STUDY MATERIAL.
-- -- --

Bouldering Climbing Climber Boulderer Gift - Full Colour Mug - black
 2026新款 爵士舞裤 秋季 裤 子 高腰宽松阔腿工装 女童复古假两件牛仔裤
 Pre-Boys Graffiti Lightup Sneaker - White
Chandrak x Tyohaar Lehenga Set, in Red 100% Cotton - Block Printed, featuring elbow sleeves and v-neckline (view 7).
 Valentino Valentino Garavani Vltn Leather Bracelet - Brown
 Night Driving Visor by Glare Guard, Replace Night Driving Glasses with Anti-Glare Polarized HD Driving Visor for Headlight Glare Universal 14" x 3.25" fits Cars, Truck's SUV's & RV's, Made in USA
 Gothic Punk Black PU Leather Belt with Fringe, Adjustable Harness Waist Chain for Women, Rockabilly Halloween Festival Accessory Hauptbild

-- -- --

PROBLEM STATEMENT.
Every record above must be printed again exactly as it stands.

EXERCISE SOLUTION.
Bouldering Climbing Climber Boulderer Gift - Full Colour Mug - black
 2026新款 爵士舞裤 秋季 裤 子 高腰宽松阔腿工装 女童复古假两件牛仔裤
 Pre-Boys Graffiti Lightup Sneaker - White
Chandrak x Tyohaar Lehenga Set, in Red 100% Cotton - Block Printed, featuring elbow sleeves and v-neckline (view 7).
 Valentino Valentino Garavani Vltn Leather Bracelet - Brown
 Night Driving Visor by Glare Guard, Replace Night Driving Glasses with Anti-Glare Polarized HD Driving Visor for Headlight Glare Universal 14" x 3.25" fits Cars, Truck's SUV's & RV's, Made in USA
 Gothic Punk Black PU Leather Belt with Fringe, Adjustable Harness Waist Chain for Women, Rockabilly Halloween Festival Accessory Hauptbild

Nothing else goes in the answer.